同協議会は、ウクライナには信者たちの間に宗教的な嫌悪や不寛容などないと、全会一致で宣言した。教会や宗教団体の最高指導者たちは、一部のメディアがやろうとしてきたような、宗教的な理由で嫌悪をかき立てる挑発や試みを非難した。
「私たちの国が体験している社会的・政治的危機にも関わらず、教会や宗教団体は異なる宗教間の平和を保っている」と、同協議会はその共同声明で強調した。
加えて、ウクライナの諸教派の最高指導者たちは、ウクライナに戦略的な協力関係を諸教会や諸宗教団体、そしてウクライナの社会と国家の間に築く必要性に深い確信を表した。
この目的のために、同協議会は「ウクライナの教会と国家の関係の概念に関する」法律を採択することを提案した。
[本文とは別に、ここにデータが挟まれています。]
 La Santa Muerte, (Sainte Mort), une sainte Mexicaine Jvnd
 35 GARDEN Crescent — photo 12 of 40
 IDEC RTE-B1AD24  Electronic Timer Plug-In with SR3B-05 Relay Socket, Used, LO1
これは無神論の過去がもたらした結末を克服し、憲法上の自由を成し遂げ、諸教会や諸宗教団体と国家の協力のために具体的な機構を確立するのに役立つだろうという。
同協議会は、この法案が新政府の計画において最優先課題の一つであることを歓迎するとともに、それが近い将来に採択されるよう望んでいるという。
一方、ロシア正教会が公式サイトで3日付で伝えたところによると、セルビア総主教イリネイ聖下は、セルビア国民とセルビア正教会を代表し、同胞相争う嫌悪や混乱がウクライナを支配しているとして、これに深い憂慮を示した。同総主教は、セルビアが似たような状況を経験し、癒されていない深い傷を残したことを悲しみを持って思い起こしたという。
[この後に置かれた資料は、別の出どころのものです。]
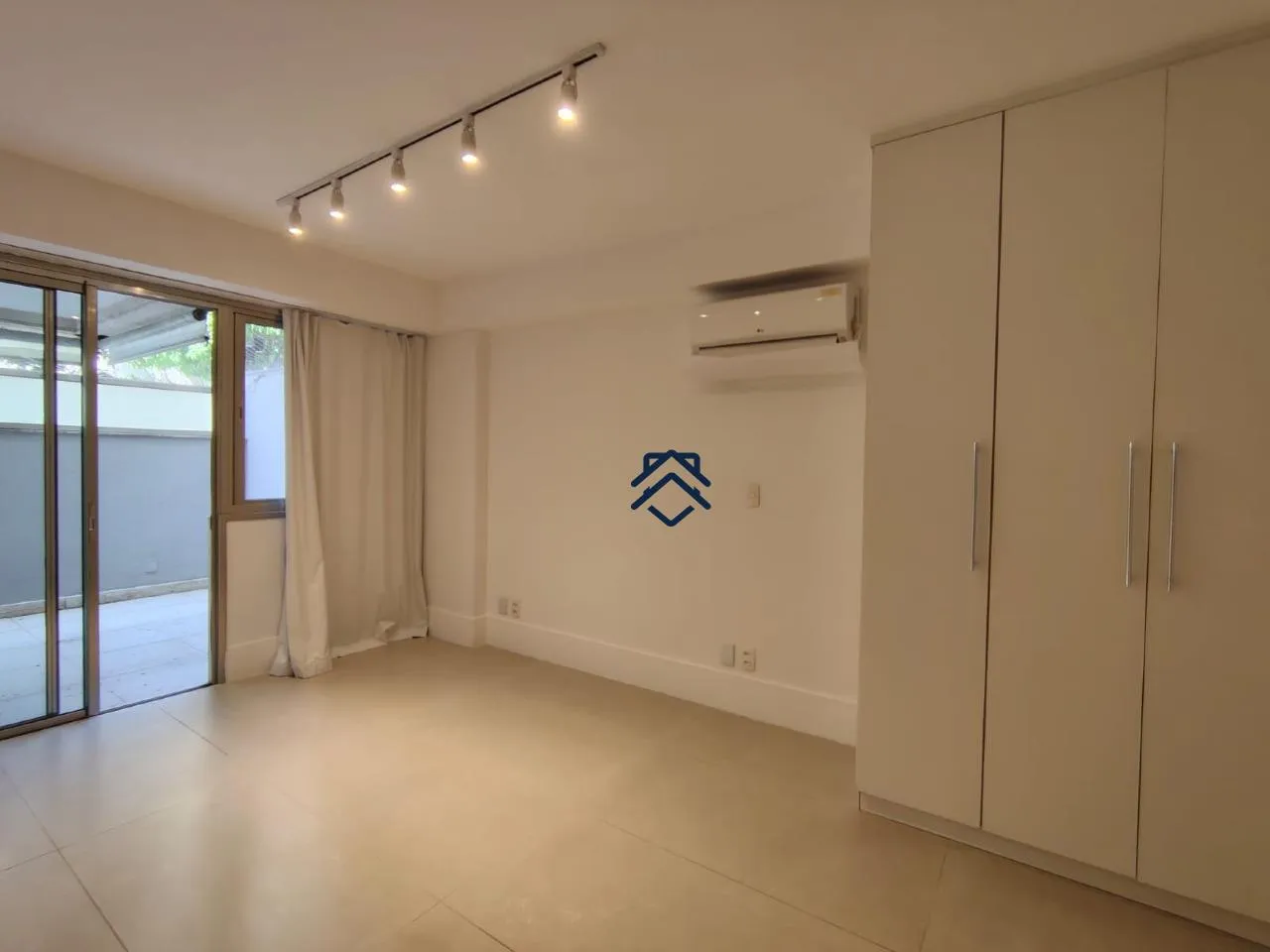 Private BBQ in a 4-bedroom apartment, 193 m² — photo 21
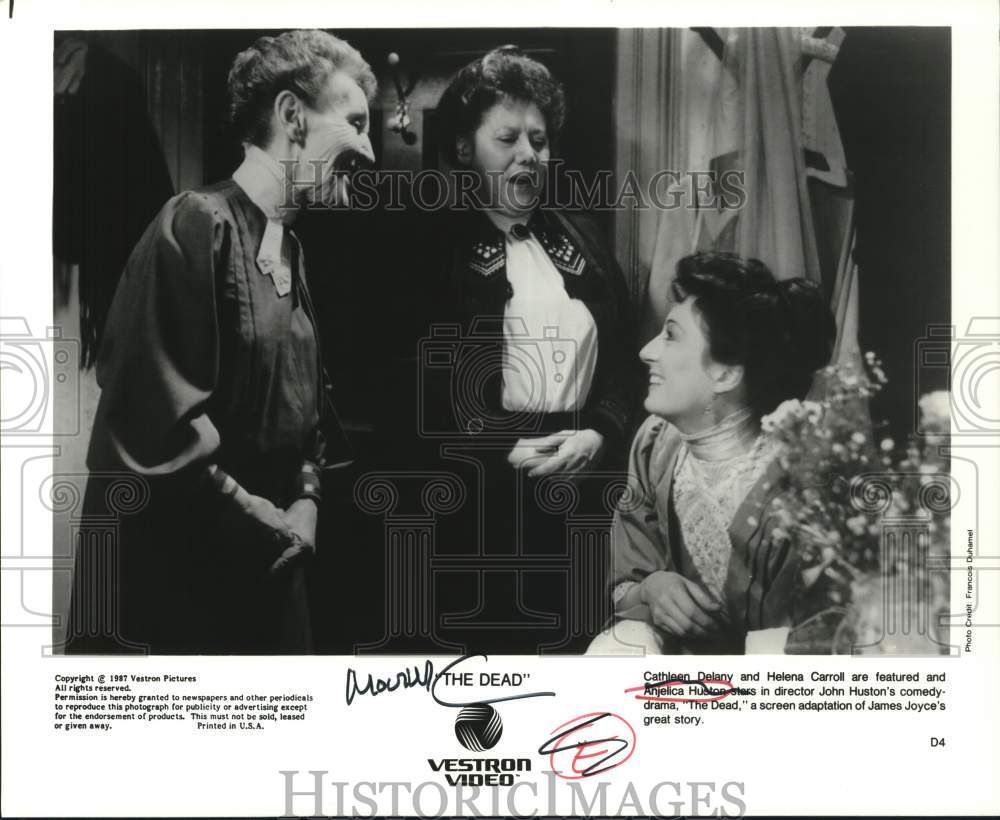 1987 Press Photo Cathleen Delany, Helena Carroll, Anjelica Huston in "The Dead" - Historic Images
これはみなセルビアで起きたとともに、いまウクライナで起きているが、それはある特定の人々が正教会の何世紀にもわたる伝統や経験よりもむしろ政治家たちのウソの約束を信じたからだと、ロシア正教会は伝えた。
イリネイ総主教は、正教の敵が、ルーシの洗礼(西暦988年にキエフ大公ウラジーミル1世が東ローマ帝国の国教だった正教の洗礼を受けたこと)の1025番目の記念日を全正教が祝うのに嫉妬して、レントの前日に意図的に信者たちをキエフで誘惑へと導いたのだと考えている、とロシア正教会は伝えた。
ロシア正教会はまた、正教の平和と善のために、ウクライナの熱心な信者たちに彼らの総主教のいうことに耳を傾けさせ心を一つにさせるべく、オヌフリイ府主教に祈りの大胆さと霊的闘いのための強さをお与えくださるよう、セルビア正教会のイリネイ総主教が主に祈っていると伝えた。
また、ロシア正教会は、ワルシャワ及び全ポーランドのサワ府主教聖下が、「ポーランド正教会はウラジミール府主教の健康と、ウクライナ国民の困難な時に教会の責任をゆだねられたオヌフリイ府主教によるキエフ総主教庁の統括の成功のために祈っている」とメッセージに記したと伝えた。
ロシア正教会によると、サワ府主教はロシア正教会の総主教に「ウクライナの聖なる正教の諸問題を解決するためにとても必要な神の豊かな助け」があるよう願ったという。